> WORK TASK
Wherever the line that contains "Sunner Striped Size S Mini Wrap Dress" falls, repeat it and the lines after it exactly until the records end, without any pictures.
--- DATA SECTION ---
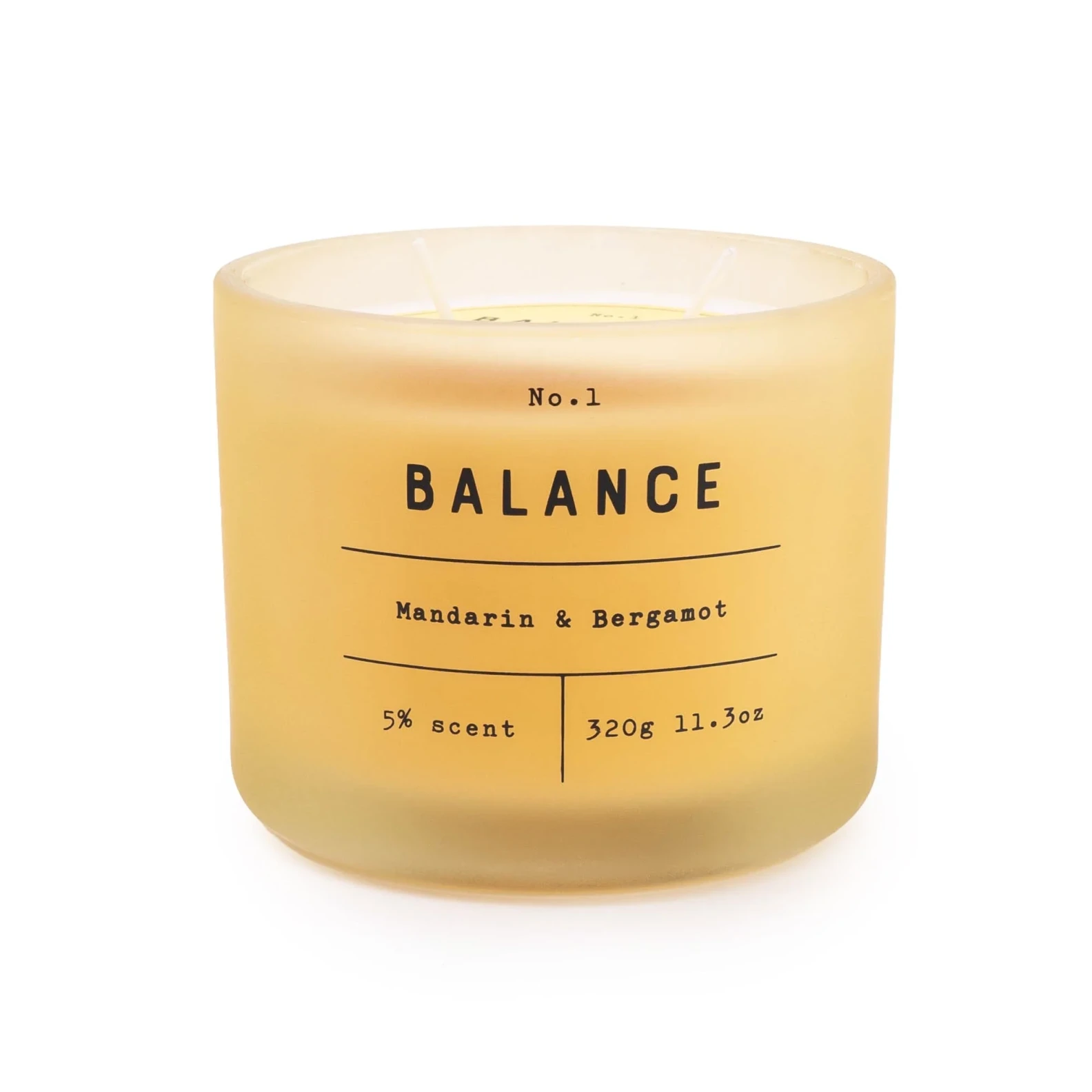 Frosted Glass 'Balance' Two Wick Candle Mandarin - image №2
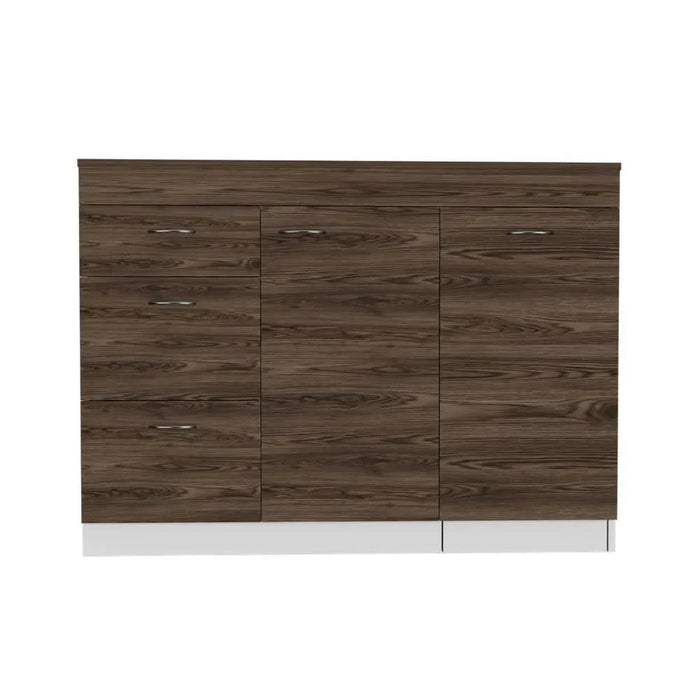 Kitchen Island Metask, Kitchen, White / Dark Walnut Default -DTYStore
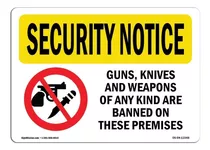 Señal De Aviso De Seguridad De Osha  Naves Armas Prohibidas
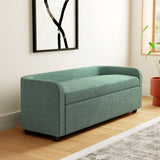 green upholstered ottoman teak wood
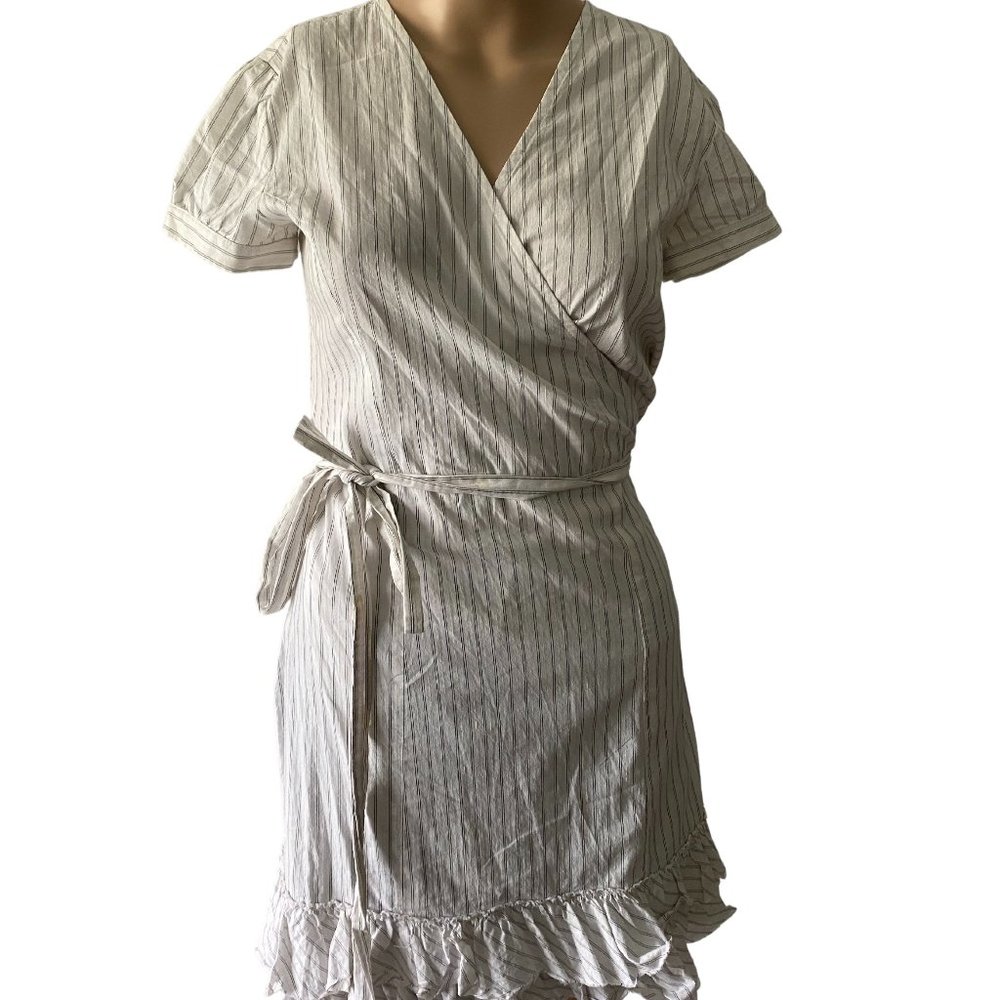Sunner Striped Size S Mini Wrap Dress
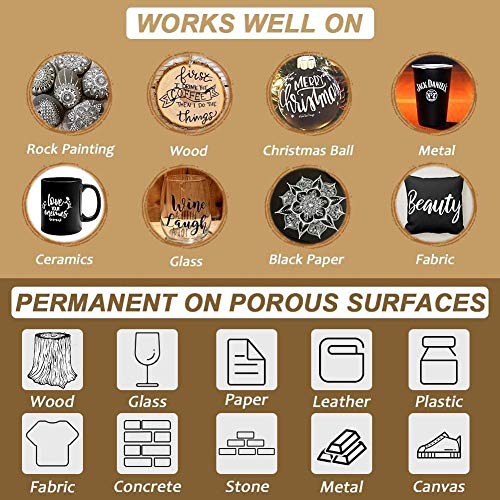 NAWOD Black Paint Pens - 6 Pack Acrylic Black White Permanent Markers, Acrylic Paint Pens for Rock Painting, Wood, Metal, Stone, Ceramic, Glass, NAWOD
---
> OUTPUT
Sunner Striped Size S Mini Wrap Dress
 NAWOD Black Paint Pens - 6 Pack Acrylic Black White Permanent Markers, Acrylic Paint Pens for Rock Painting, Wood, Metal, Stone, Ceramic, Glass, NAWOD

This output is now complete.